Here is what I'm using to do the same globally based on each users mail,
but it could be tweaked to do per user. This happens to be a family
only server, so I'm generally doing the spam/ham review for each user as
needed:
root@omega:/usr/local/bin# more sa-learn-systemwide
#!/bin/sh
#
# sa-learn-systemwide
#
# Run sa-lean against user Maildir folders for ham / spam token learning
#
#
LOGFILE="/var/log/sa-learn-run.log"
SALEARNBIN="/usr/bin/sa-learn"
SAUSERNAME="Debian-exim"
SADBPATH="/var/spool/exim4/.spamassassin/bayes"
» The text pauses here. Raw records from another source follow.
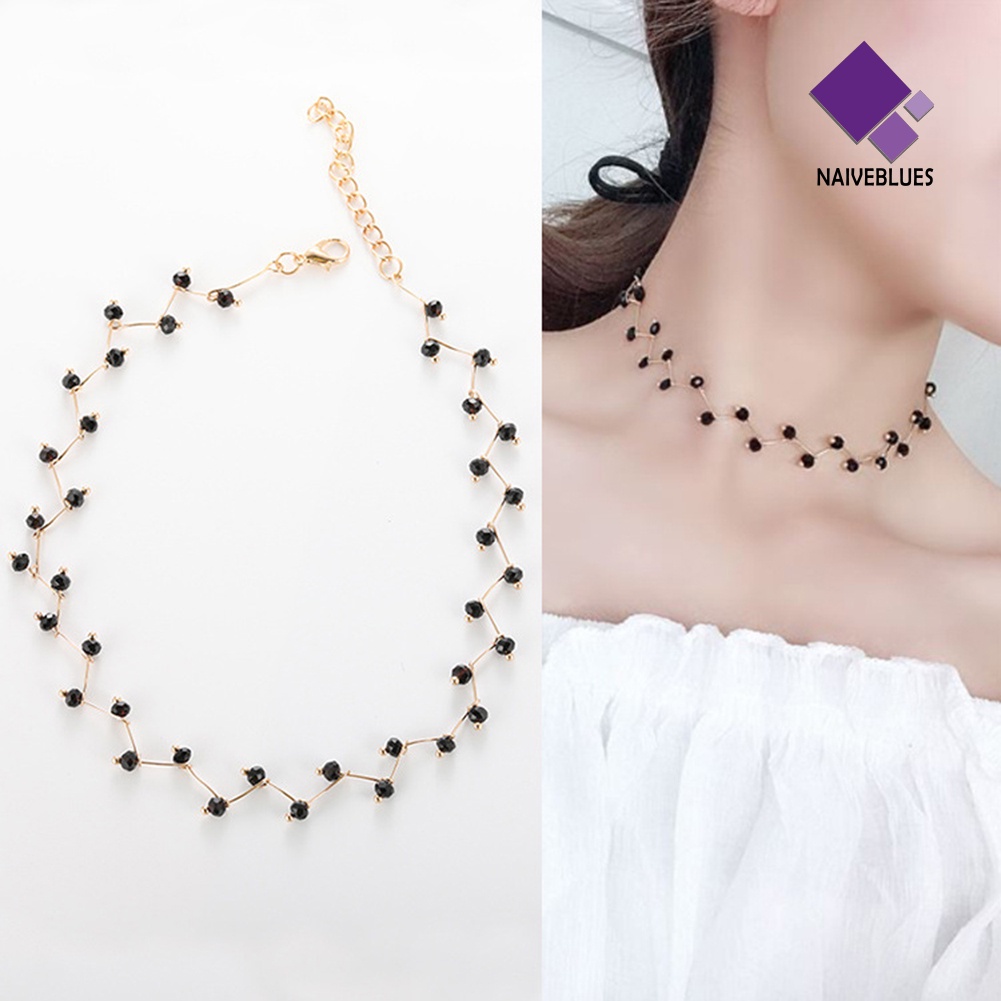 Kalung Choker Rantai Pendek Model Gelombang Aksen Manik-Manik Warna Hitam Untuk Wanita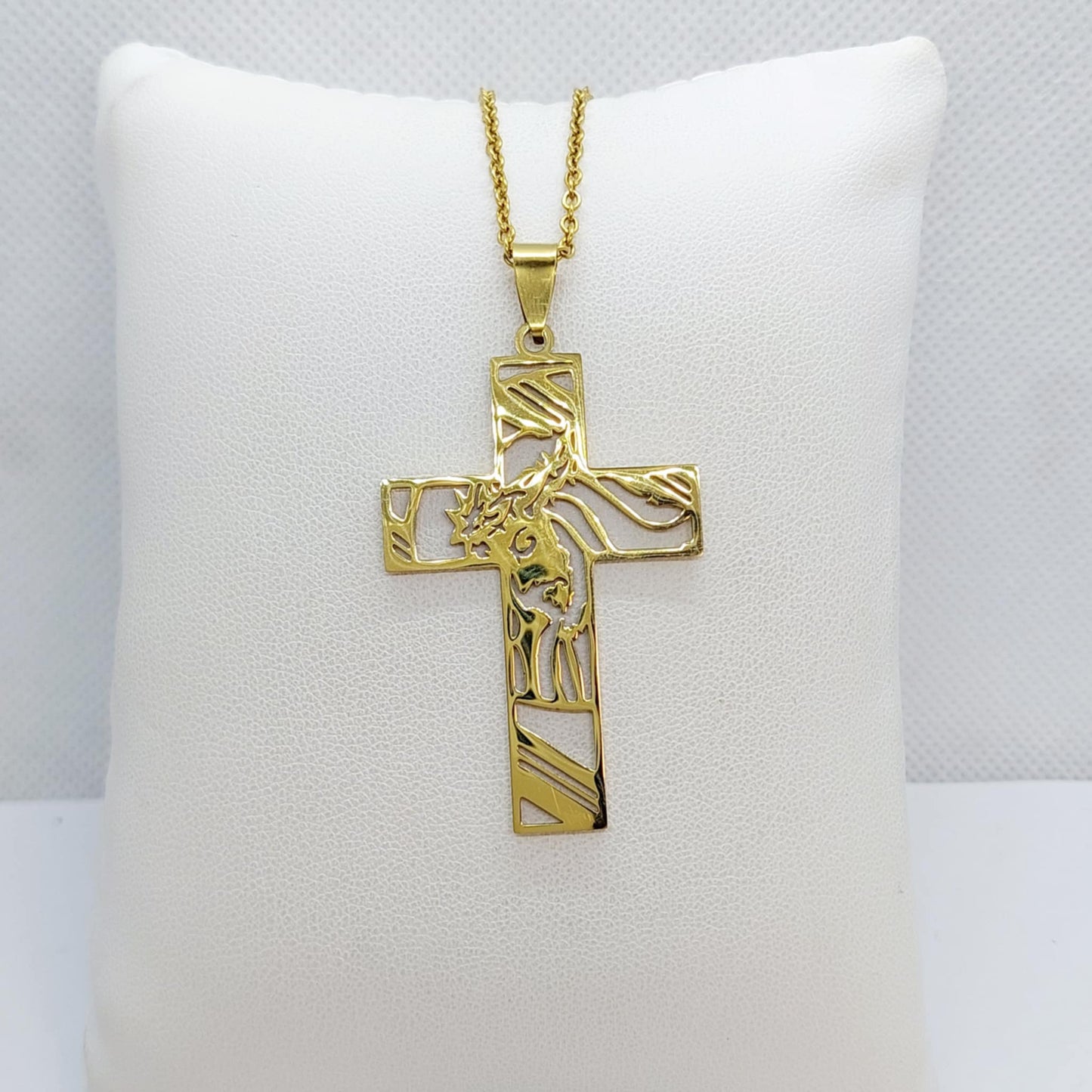 Cross with Jesus  in Stainless Steel Gold Plated Chain Necklace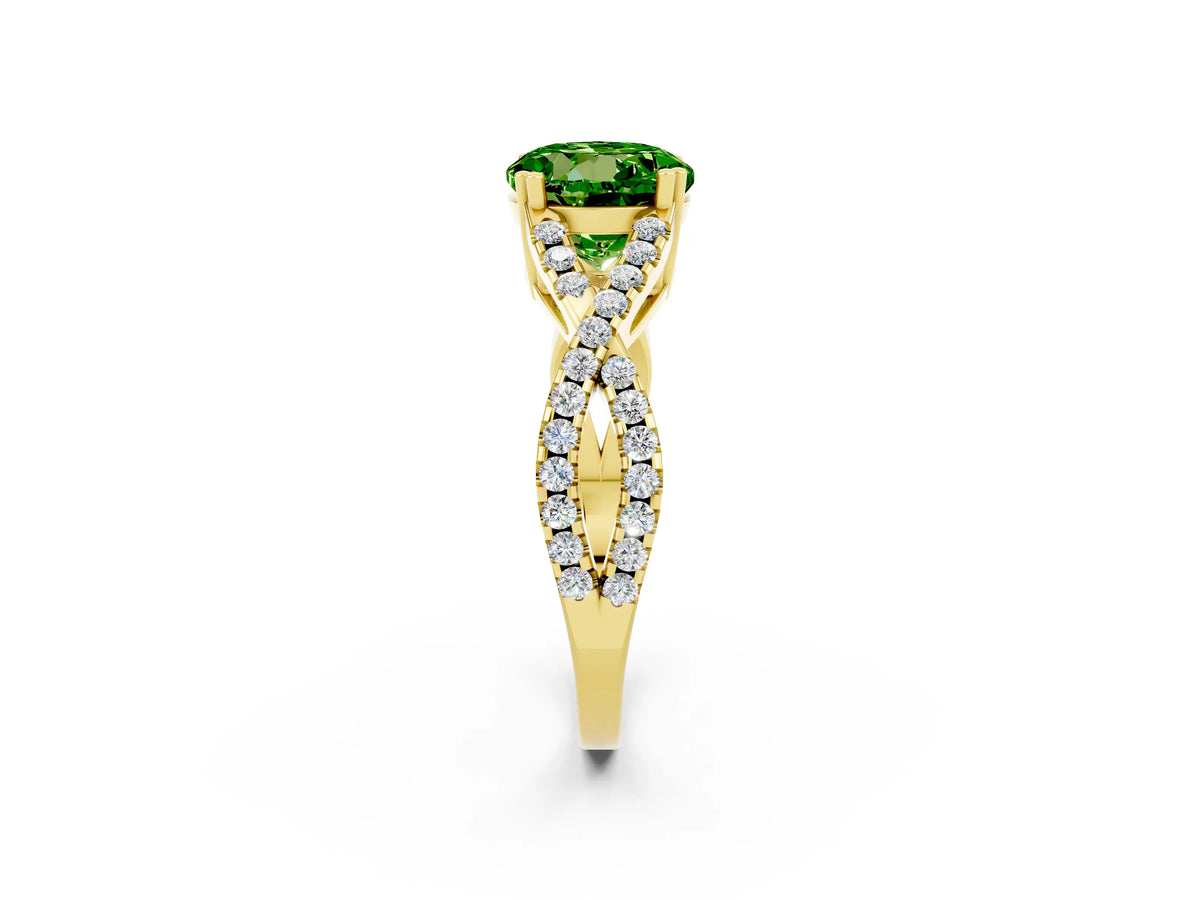 Round Cut Peridot Solitaire Ring in Yellow gold with Interwoven Pavé Band and Prong Setting_2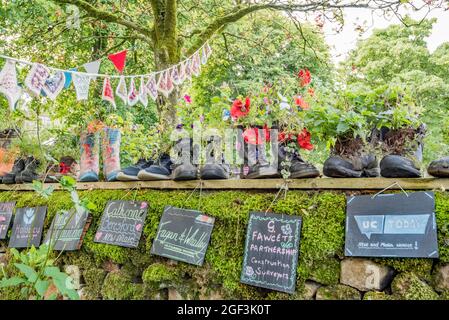 Plantes cultivées dans des bottes anciennes et créées par les membres de l'Institut des femmes d'orge dans le village d'orge, Forest of Bowland, Lancashire Banque D'Images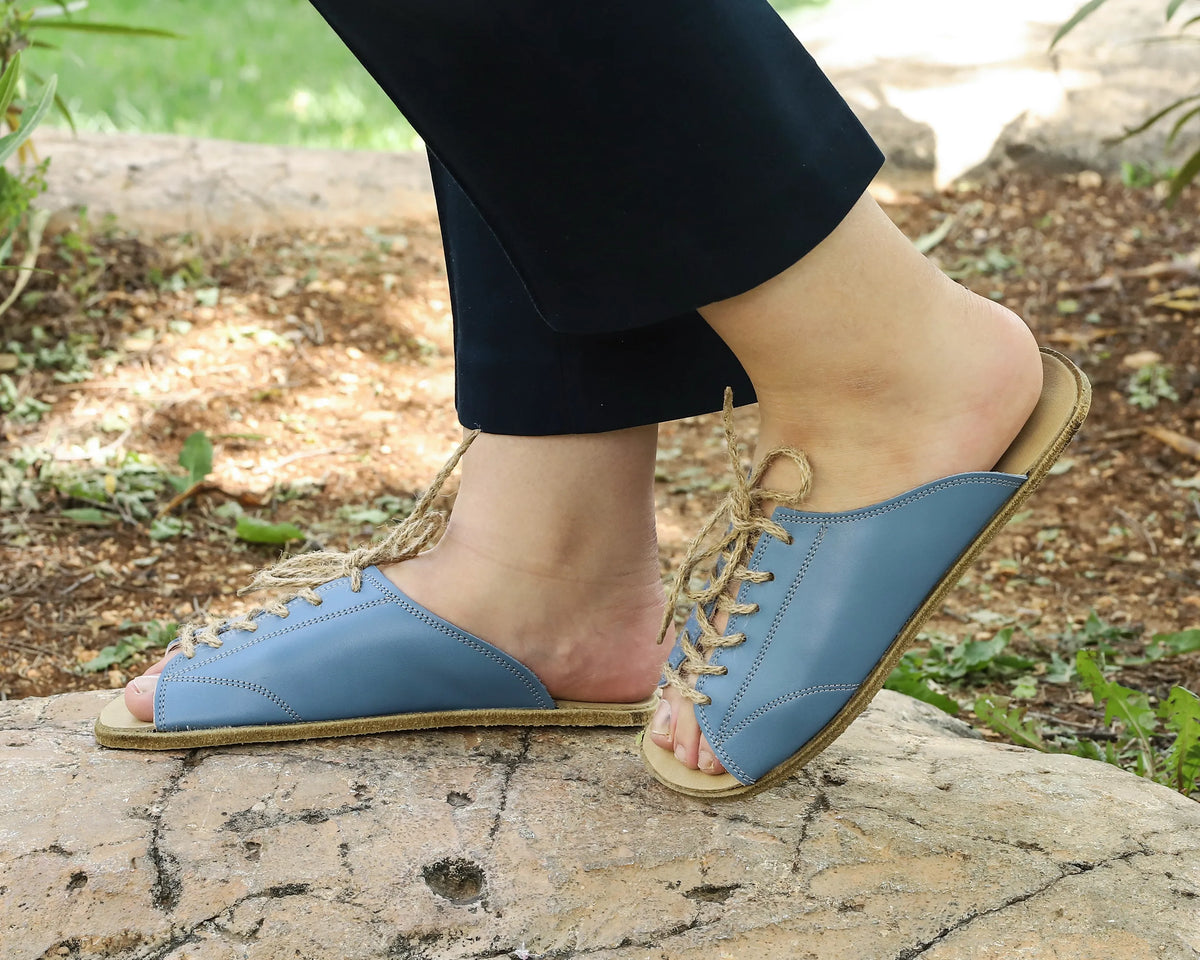 Smooth Barefoot Laces Sandals Shoes – Classic Sole — Leather Sole – Turquoise
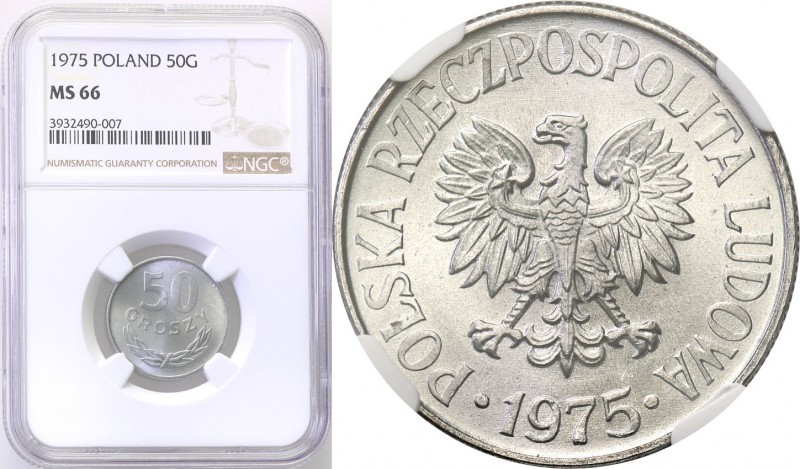 PRL. 50 groszy 1975 aluminum NGC MS66 
Piękny, menniczy egzemplarz. Fischer OB ...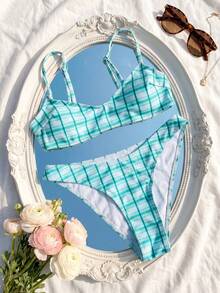 SHEIN Swim Mod Bộ đồ đi biển 2 món dành cho nữ, kiểu dáng thời trang, dễ thương, gợi cảm, thích hợp cho kỳ nghỉ bên bờ biển, hồ bơi, áo hai dây kẻ caro màu xanh lá cây. - Nhiều màu - Xem 3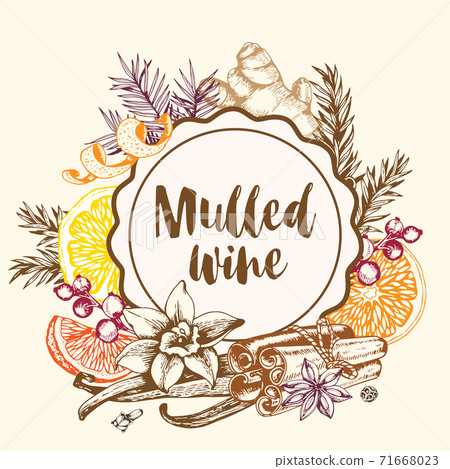 Vintage background with spices for mulled wine 71668023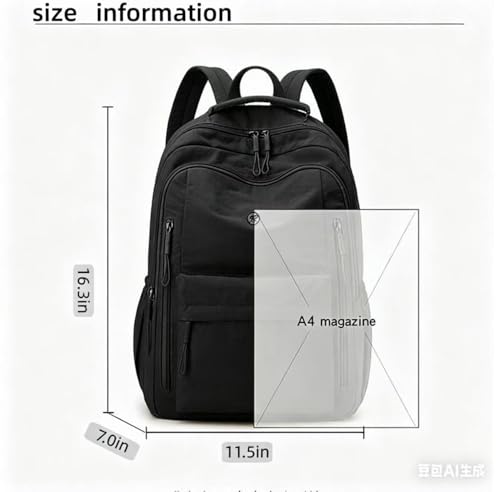 Casual Backpack, Multi-Pocket Design with Front Zipper Compartment (Black) - color: Black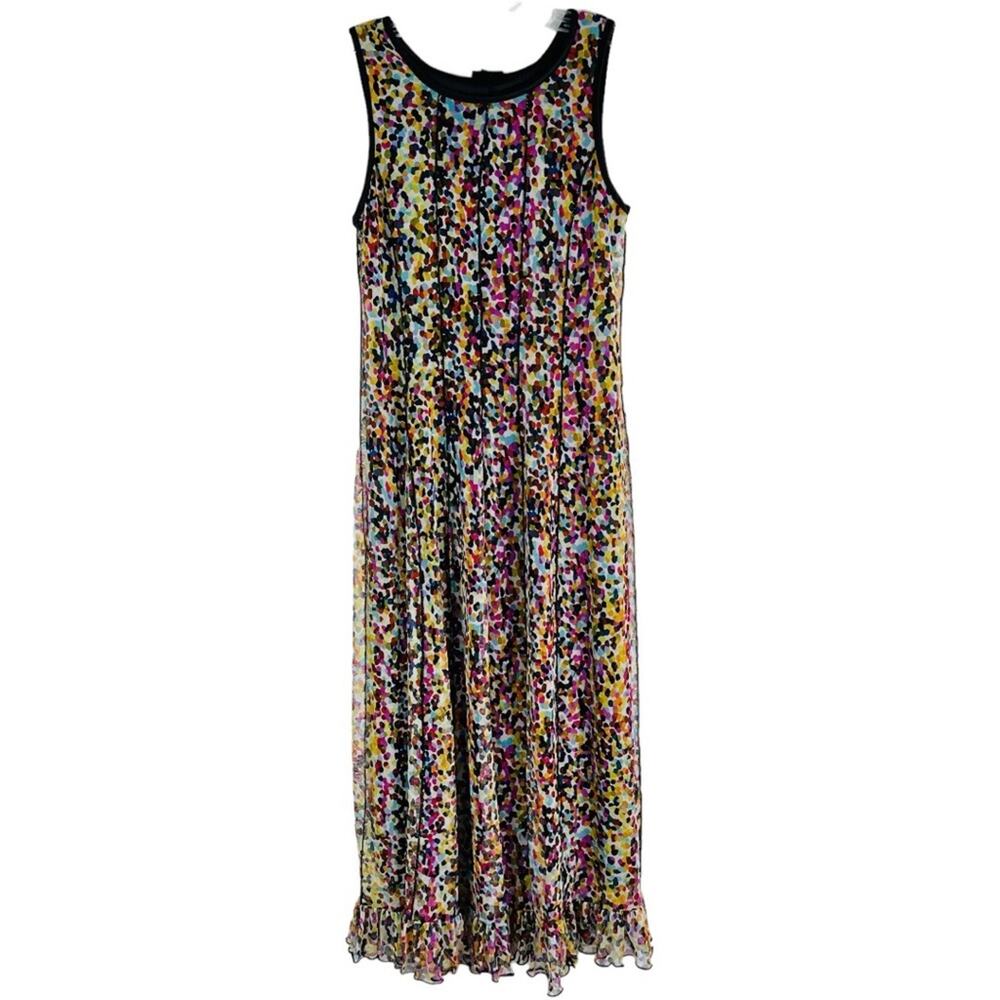 ILE NY colorful pink black white dot mesh 90s y2K maxi dress 8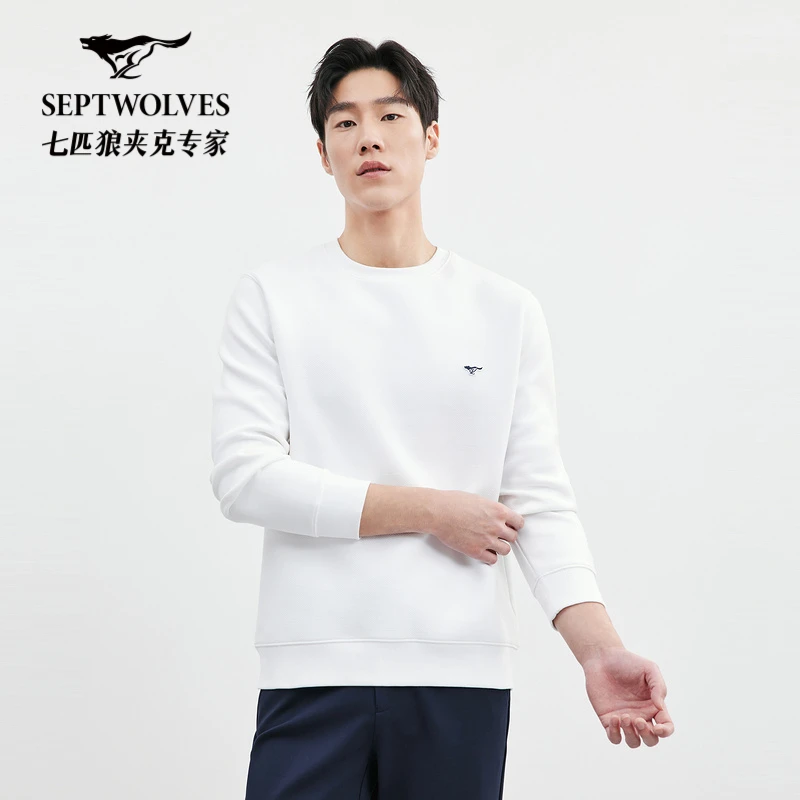 【暖氧吧】七匹狼圆领卫衣男长袖2025春秋新款男士时尚休闲套头上衣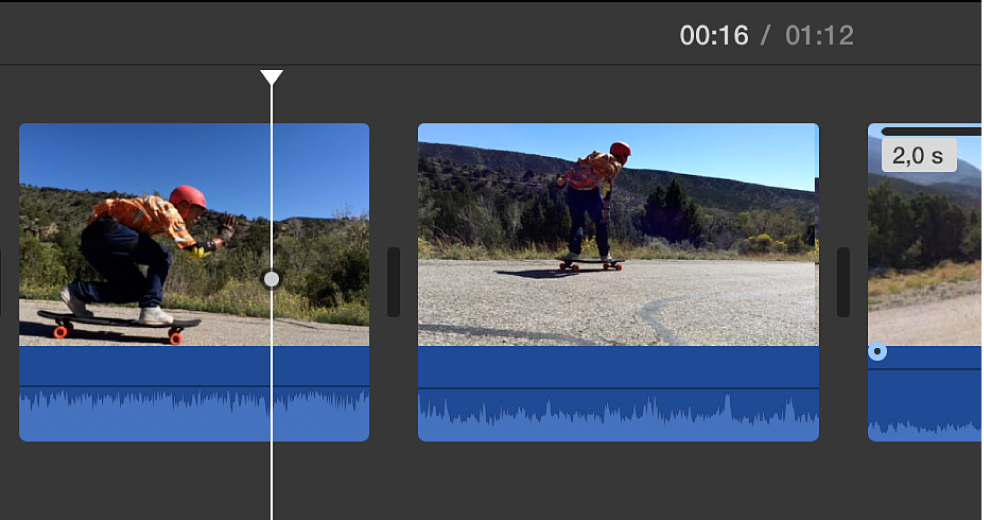 Cursor de reprodução posicionado num clip no cronograma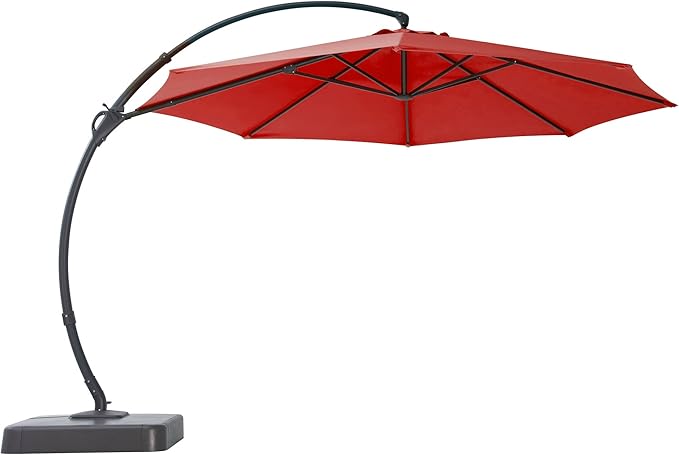 LAUSAINT HOME Outdoor Patio Umbrella with Base included, Deluxe Curvy Cantilever Umbrella Heavy Duty Offset Hanging Umbrella
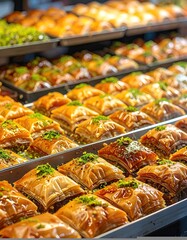Display of glossy, layered pastry squares, many with pistachios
SAFOLDERS="/etc/spamassassin/sa-learn-folders.conf"
MAILTO="root@localhost"
#
# Execute sa-learn token database expire of old tokens
#
TIMESTAMP=`date`
echo $TIMESTAMP "sa-learn: Starting token expiration ..." >> $LOGFILE
$SALEARNBIN --force-expire --username=$SAUSERNAME --dbpath=$SADBPATH
2>&1 >> $LOGFILE
#
# Execute sa-learn against configured folders
#
TIMESTAMP=`date`
echo $TIMESTAMP "sa-learn: Starting Learning ..." >> $LOGFILE
$SALEARNBIN --no-sync --username=$SAUSERNAME --dbpath=$SADBPATH
--folders=$SAFOLDERS 2>&1 >> $LOGFILE
#
# Execute sa-learn sync
#
TIMESTAMP=`date`
echo $TIMESTAMP "sa-learn: Starting token journal sync ..." >> $LOGFILE
$SALEARNBIN --sync --username=$SAUSERNAME --dbpath=$SADBPATH 2>&1 >>
$LOGFILE
#
# Execute chown
#
TIMESTAMP=`date`
echo $TIMESTAMP "sa-learn: Fixing file permissions ..." >> $LOGFILE
chown -c Debian-exim.Debian-exim $SADBPATH* 2>&1 >> $LOGFILE
#
# Execute sa-learn stats dump
#
TIMESTAMP=`date`
echo $TIMESTAMP "sa-learn: Starting stats dump ..." >> $LOGFILE
$SALEARNBIN --dump magic --progress --username=$SAUSERNAME
--dbpath=$SADBPATH >> $LOGFILE
root@omega:/usr/local/bin# more /etc/spamassassin/sa-learn-folders.conf
spam:dir:/home/*/Maildir/.SPAM.Spam-Missed/{cur,new}
spam:dir:/home/*/Maildir/.SPAM.Spam-Mail/{cur,new}
ham:dir:/home/*/Maildir/.SPAM.Spam-Ham/{cur,new}
ham:dir:/home/*/Maildir/{cur,new}
ham:dir:/home/*/Maildir/.Sent/{cur,new}
root@omega:/usr/local/bin#
Log snip:
Mon Mar 30 09:00:01 EDT 2015 sa-learn: Starting token expiration ...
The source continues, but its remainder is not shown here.